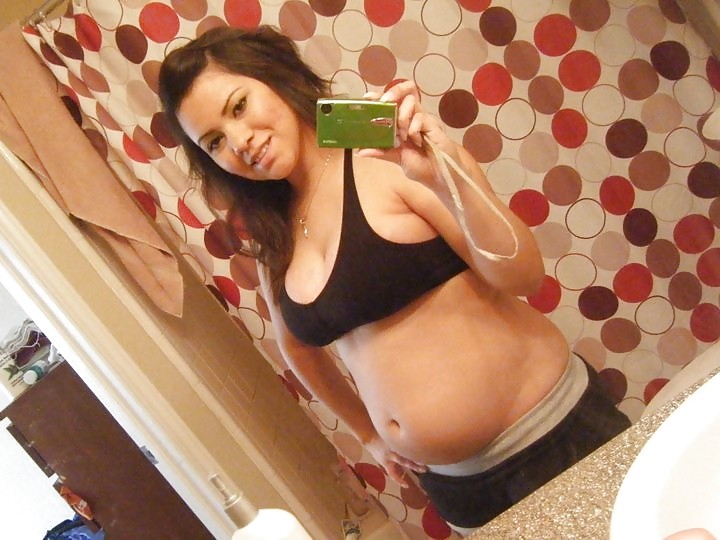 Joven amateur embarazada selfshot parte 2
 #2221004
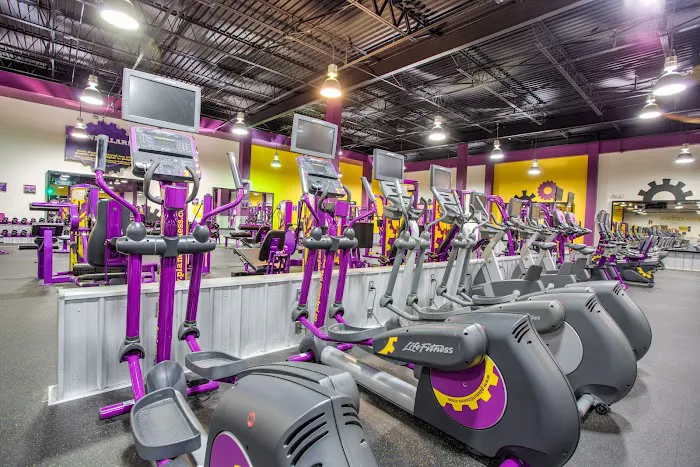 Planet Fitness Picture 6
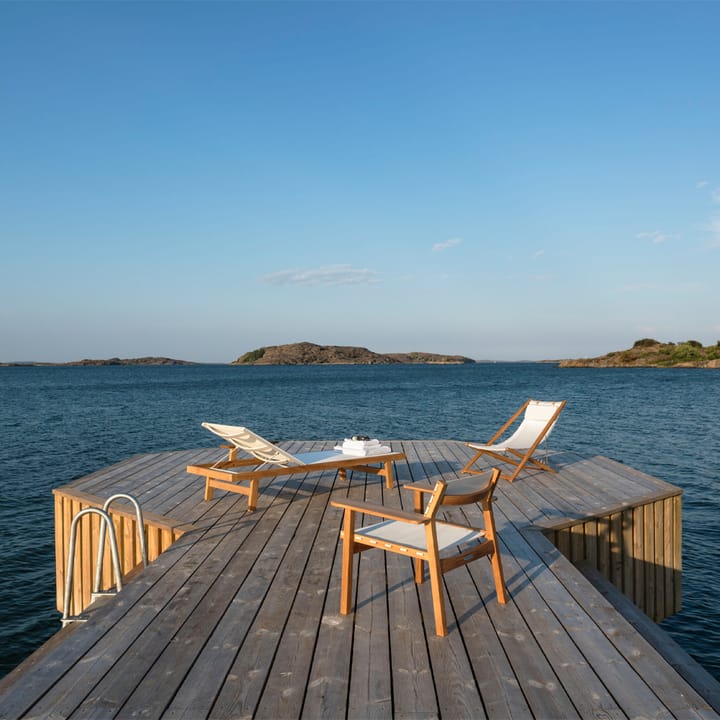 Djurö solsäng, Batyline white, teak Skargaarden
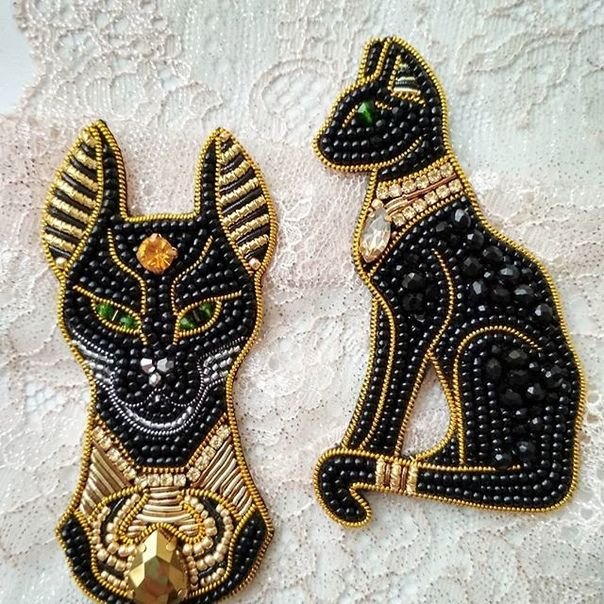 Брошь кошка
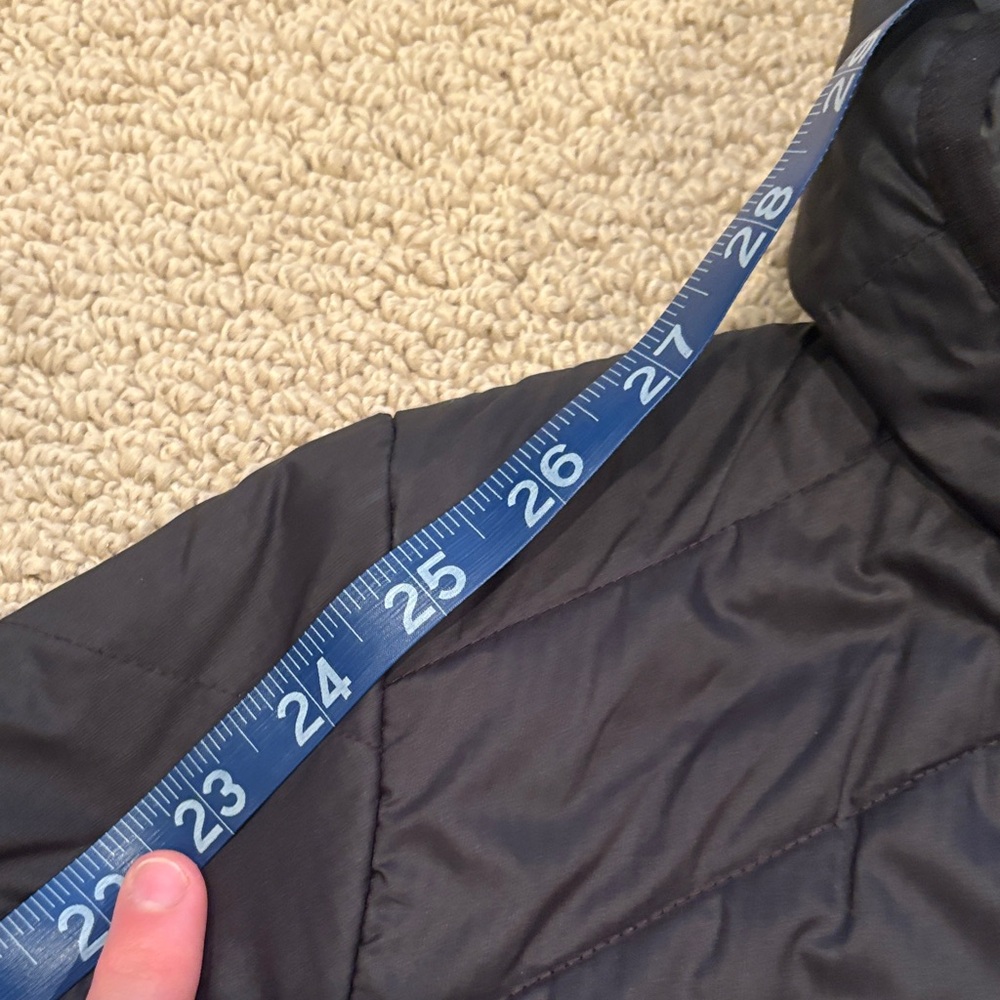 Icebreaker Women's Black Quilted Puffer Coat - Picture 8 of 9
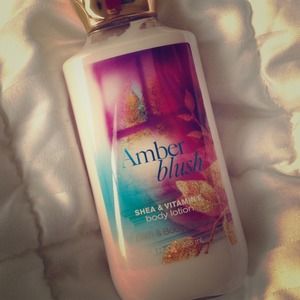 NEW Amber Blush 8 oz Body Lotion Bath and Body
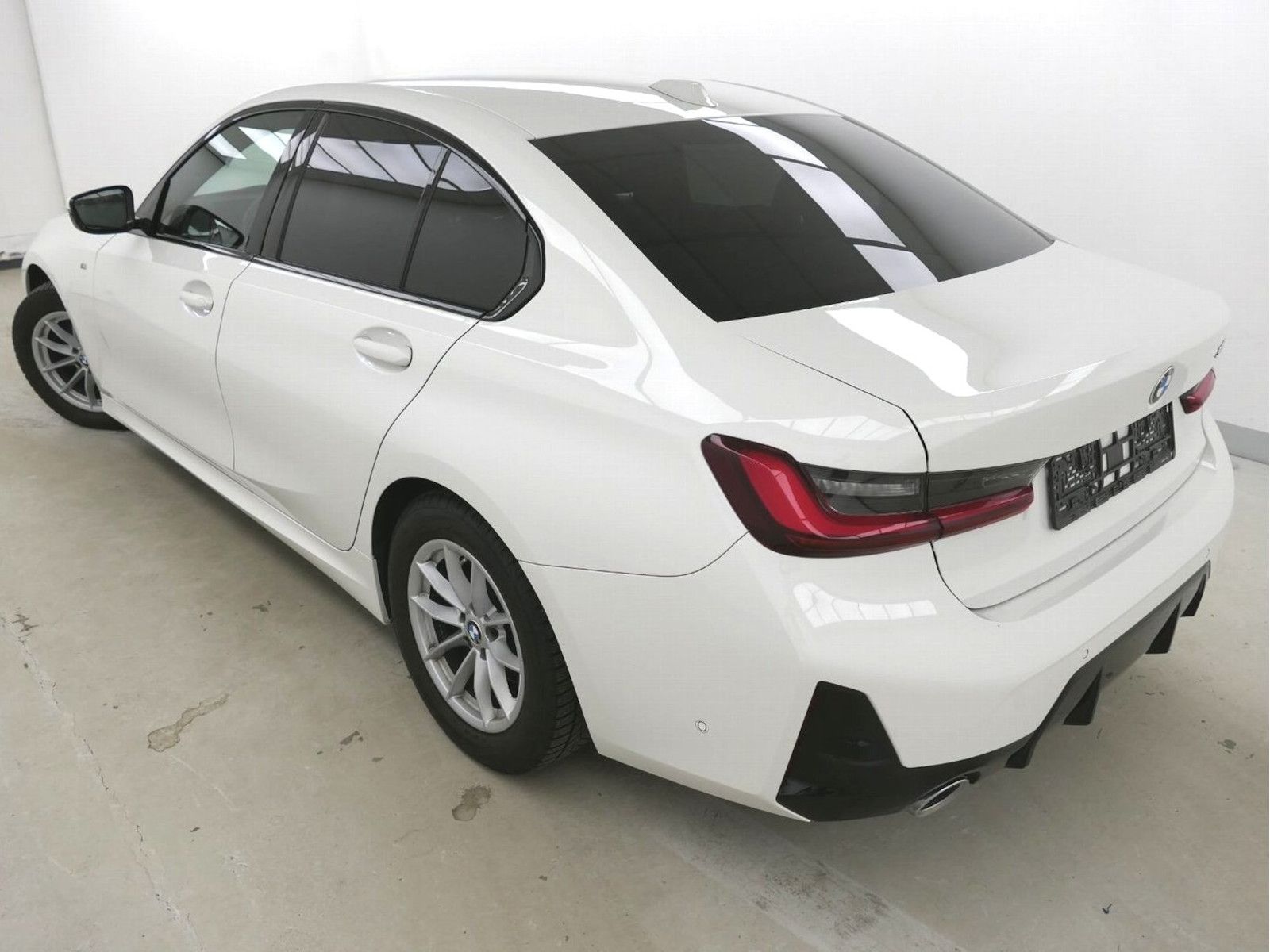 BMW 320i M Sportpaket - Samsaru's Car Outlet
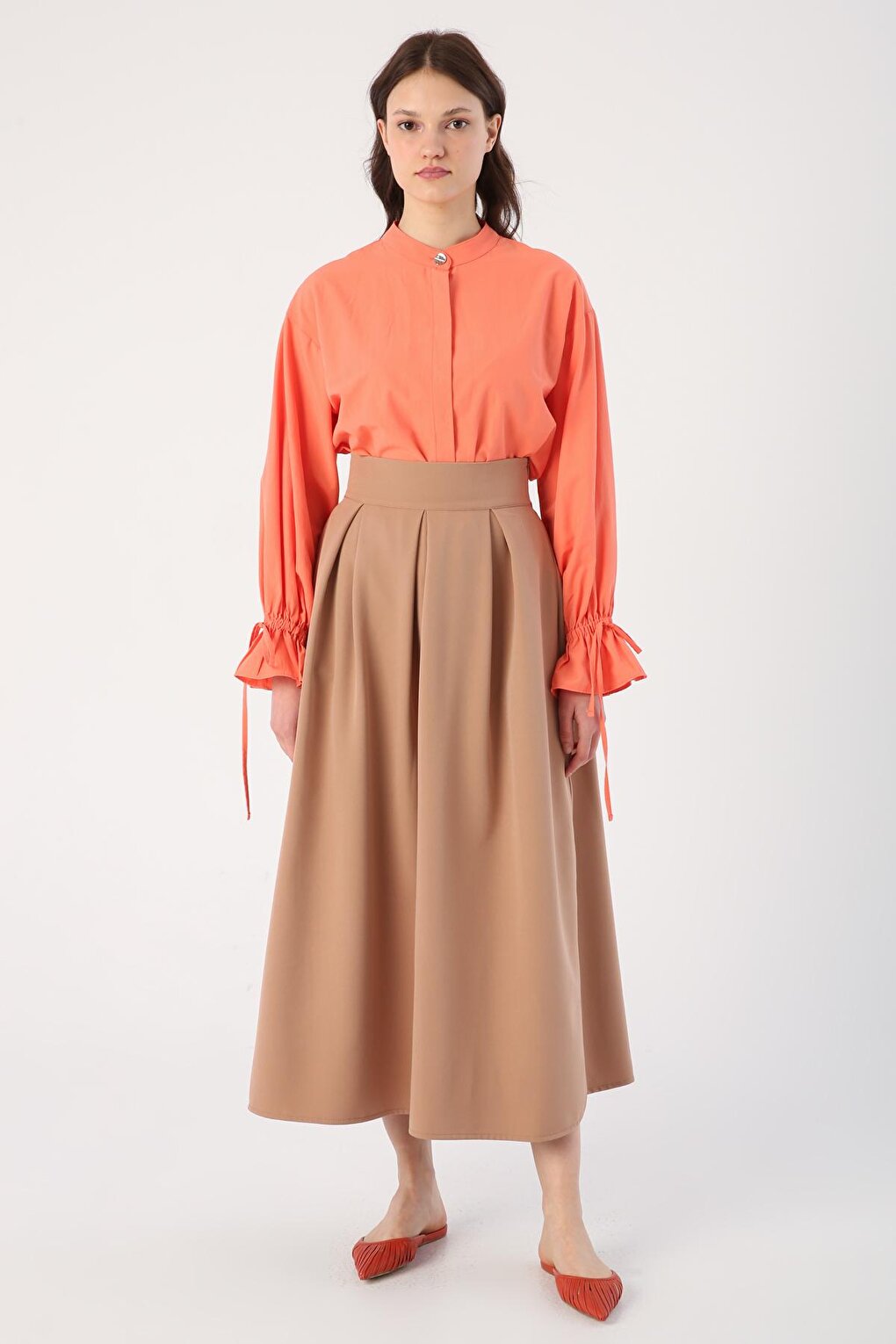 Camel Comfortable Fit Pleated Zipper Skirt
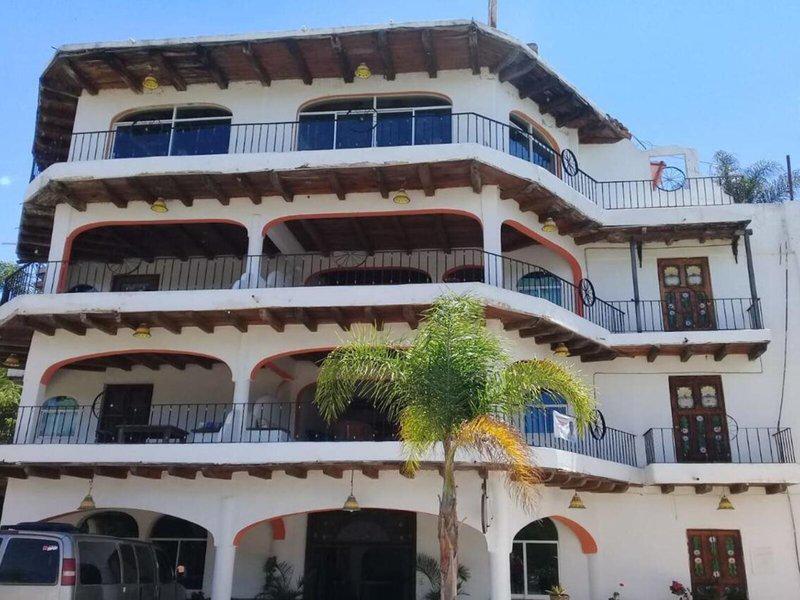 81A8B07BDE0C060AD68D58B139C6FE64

▸ **Problem**
Only the pictures are to be left out; print everything else in the listing exactly.

▸ **Task result**
 Joven amateur embarazada selfshot parte 2
 #2221004
 Planet Fitness Picture 6
 Djurö solsäng, Batyline white, teak Skargaarden
 Брошь кошка
 Icebreaker Women's Black Quilted Puffer Coat - Picture 8 of 9
 NEW Amber Blush 8 oz Body Lotion Bath and Body
 BMW 320i M Sportpaket - Samsaru's Car Outlet
 Camel Comfortable Fit Pleated Zipper Skirt
 81A8B07BDE0C060AD68D58B139C6FE64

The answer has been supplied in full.